Objectives : Nitric oxide(NO) is a reactive free radical and a messenger molecule in many physiological functions. However, excessive release NO of induces neurotoxicity. We investigated whether a mixture of red ginseng and paeonia radix prossesses a protective effect against sodium nitroprusside(SNP)-induced apoptosis in the human neuroblastoma cell line SK-N-MC. Methods : We performed 3- (4,5-dimethylthiazol-2-yl)-2,5-diphenyltetrazolium bromide(MTT) assay, 4,6-diamidino-2-phenylindole(DAPD) staining, terminal deoxynucleotidyl transferase(TdT)-mediated dUTP nick end labeling(TUNEL)assay, DNA fragmentation assay, reverse transcription-polymerase chain reaction(RT-PCR), Western blot analysis, and caspase-3 enzyme activity assay in SK-N-HFC cells.
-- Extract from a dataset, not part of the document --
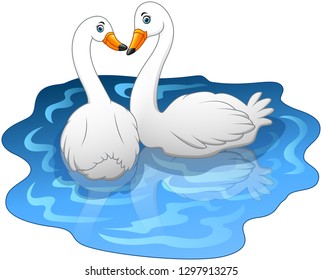 Swan couples on the lake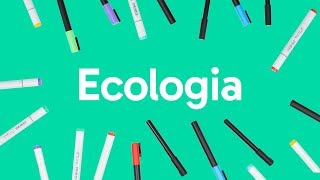 ECOLOGIA CADEIA ALIMENTAR BIOMAS E RELAÇÕES ECOLÓGICAS  QUER QUE DESENHE [upl. by Yleik]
Result : MTT assay showed that SNP treatment significantly reduced the viabilities of cells and that pre-treatment with the red ginseng and paeonia radix mixture alleviated SNP-induced cytotoxicity. The cells treated with SNP exhibited several apoptotic features, while those pre-treated fir 1 h with the mixture of red ginseng and paeonia radix 1 h prior to SNP expose showed reduced apoptotic features. In addition, the cells pre-treated with the red ginseng and paeonia radix mixture for 1 h prior to SNP expose increased bel-2 expressions, decreased Bax expressions, and decreased caspase-3 enzyme activity. Conclusions : These results show that the red ginseng and paeonia radix mixture exerts a protective effect against SNP-induced apoptosis in SK-N-MC cells.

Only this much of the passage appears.